(Information)

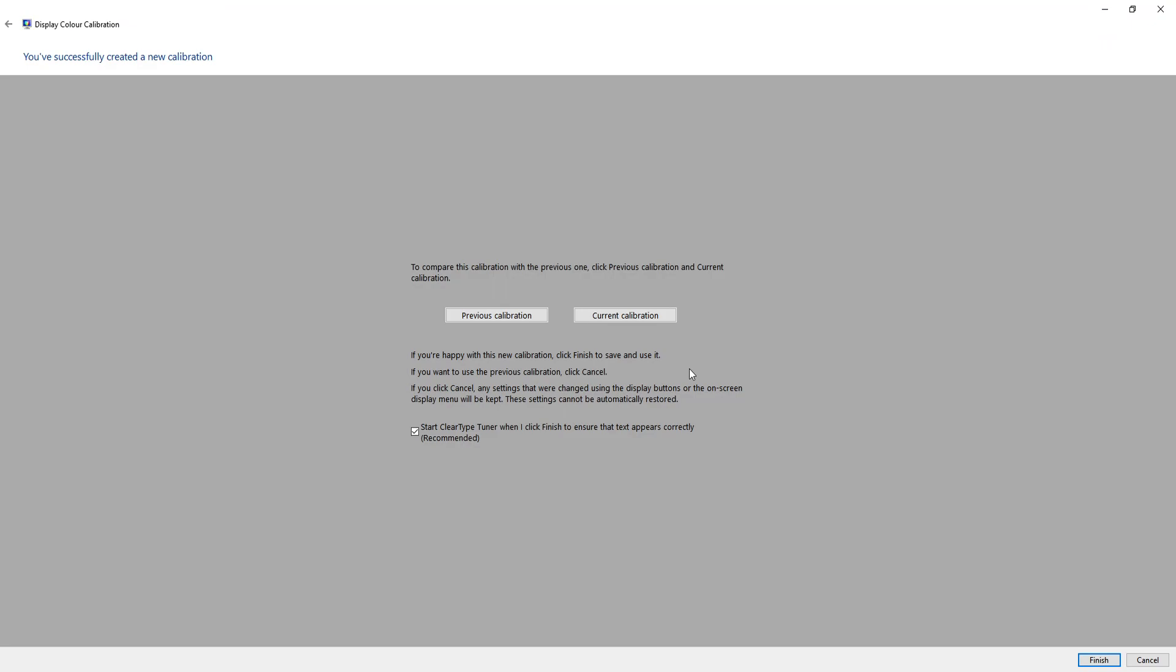You can now compare this calibration that you've just run with your previous one to see if there's any major differences and to make sure you're happy with it. So if you were to click on previous, it's slightly lighter. And if you've gone to current, mine's slightly darker.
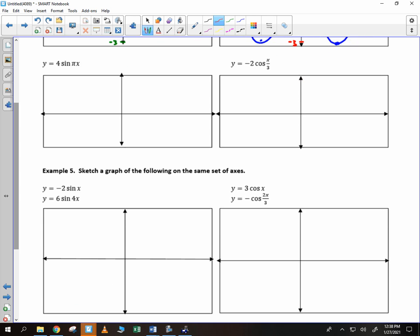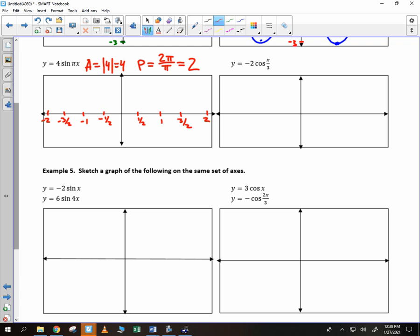For 4 sine of pi x: the amplitude equals the absolute value of 4, which is 4. The period equals 2pi divided by pi, which gives 2. So I mark off 2 and negative 2, divide 2 in half to get 1, divide again to get 1/2 and 3/2. The amplitude is 4, so I mark up to 4 and down to negative 4. Sine starts at 0, heads up to 4, crosses back over, goes down to negative 4, and back up — that is one rotation of the sine graph.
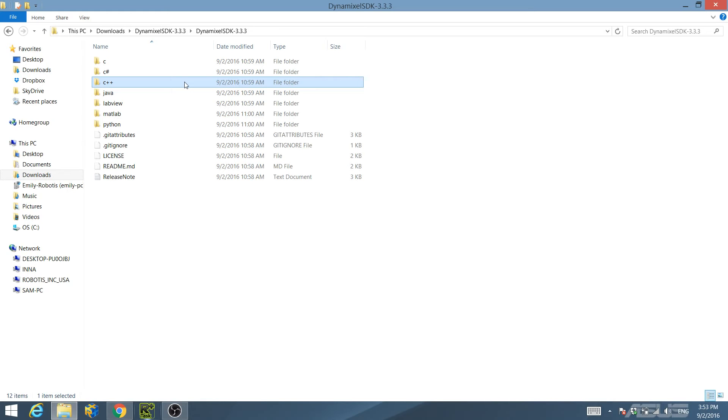Run the project solution file located in the C++ read-write protocol 1.0 example directory.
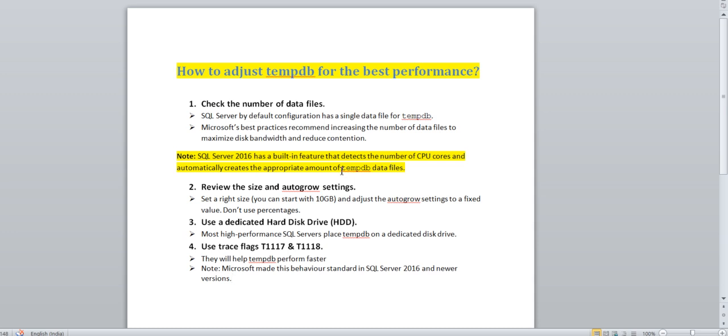If you are going to increase the cores of a particular VM in the future, make sure you should think about the tempdb configuration also. Based on the core count during installation, it will detect how many cores you have on the VM and create the number of tempdb files accordingly.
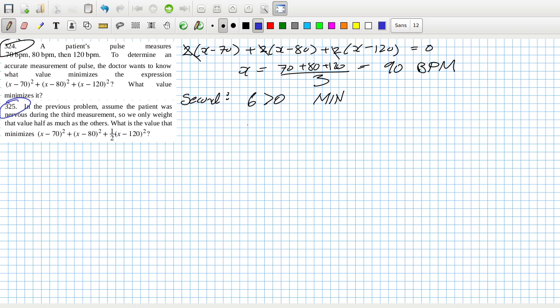So that'll be 2(x - 70) + 2(x - 80) + (x - 120) equals 0.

(End Information)

» **What this task involves**
Where the line containing "Run the project" appears above, start there and set down each line exactly through the last line of the data; leave out every picture.

» **Exercise solution**
Run the project solution file located in the C++ read-write protocol 1.0 example directory.
If you are going to increase the cores of a particular VM in the future, make sure you should think about the tempdb configuration also. Based on the core count during installation, it will detect how many cores you have on the VM and create the number of tempdb files accordingly.
So that'll be 2(x - 70) + 2(x - 80) + (x - 120) equals 0.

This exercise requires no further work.